- Coat of arms
- Esigodini
- Coordinates: 20°17′33″S 28°56′17″E﻿ / ﻿20.29250°S 28.93806°E
- Country: Zimbabwe
- Province: Matabeleland South
- District: Umzingwane
- Elevation: 1,182 m (3,878 ft)

Population (2012 Census)
- • Total: 2,228
- Time zone: UTC+2 (CAT)

= Esigodini =

Zimbabwean town

Esigodini, formerly known as Essexvale, is a town in the Matabeleland South Province of Zimbabwe. It is the administrative centre for Umzingwane District, one of the seven administrative districts in Matabeleland South.
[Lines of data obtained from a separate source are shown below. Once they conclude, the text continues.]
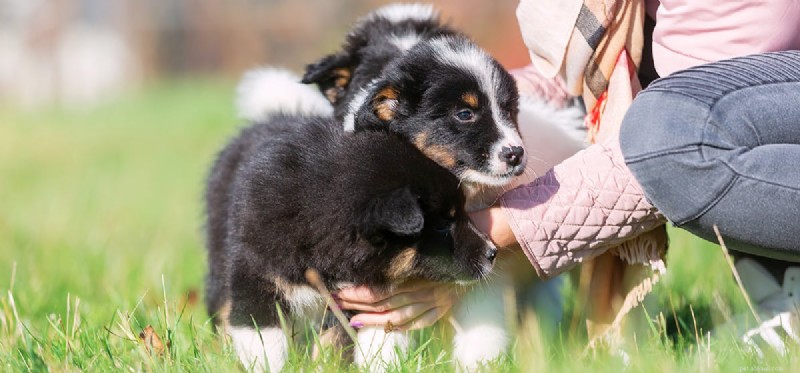 How Dogs Detect Other Dogs on Your Clothes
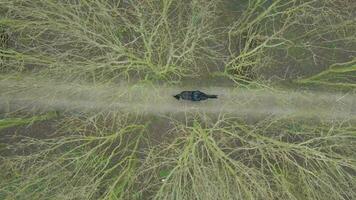 A Horse Rider on a Hack Through Woodland Path Bird's Eye View video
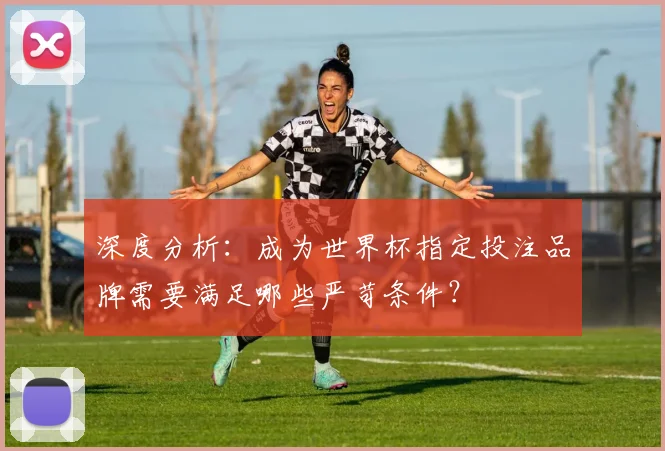 深度分析：成为世界杯指定投注品牌需要满足哪些严苛条件？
It was originally an estate of Frederick Selous, a British explorer, officer, professional hunter, and conservationist.

==Location==
Esigodini is situated approximately 44.5 km, by Gwanda road, southeast of Bulawayo, the nearest large city and largest urban centre in the province. The town sits along the Bulawayo–Beitbridge Road, approximately 82.5 km northwest of the town of Gwanda. The geographical coordinates of the town are:20°17'33.0"S, 28°56'17.0"E (Latitude:-20.292500; Longitude:28.938056). Esigodini is located at an average elevation of 1182 m, above mean sea level.

==Overview==
Esigodini is the district capital of Umzingwane Rural District Council, which is responsible for running the affairs of the district as a whole. The trading centre is surrounded by ranches and mixed farms. The surrounding communities also host gold, dams and tungsten mines. The area has many rivers, although it suffers from long dry season and drought is common in this area. Average annual rainfall is approximately 30 in.

==Population==
According to the 1982 population census, Esigodini had a population of 1,492. The 2012 national population census and household survey enumerated 2,228 inhabitants in the town.

==History==
The town was officially known as Essexvale until 1982, when the name changed to Esigodini. It was founded in 1894. Prior to the coming of European settlers, the surrounding area was settled by Rozi Moyo people, who had moved here from the area near Gwanda.

==Schools==
Nearby schools include Falcon College, a renowned secondary school for boys and Mzingwane High School, Mvuthu High School, Esikhoveni Secondary, Mawabeni Secondary, Longfied Secondary, and Mlomotsha while primary schools are Bayethe, Bezha, Bonjeni, Carlisle, Dobi, Doyana, Dula, Esigodini, Glen Grey, Godlwayo Annex, How Mine, Impu, Inyankuni, Irisvale, Isotsha, Kumbudzi, Longfield, Malungwane, Nsezi, Shale, Bezha, Zhilo, Swazi, Matshetshe, Mawabeni, Mbalabala, Mbizingwe, Mzinyathini, Mlomoliwoto, Mpisini, Mpofini, Mtshede, Munkula, Mvuthu. Also nearby, is the Roman Catholic mission school known as Sacred Heart Girls School, a boarding secondary school. This school was founded in 2014 and is run by the Sisters Of The Precious Blood who fall under the Roman Catholic Archdiocese of Bulawayo, and came mainly from Germany shortly after the Second World War.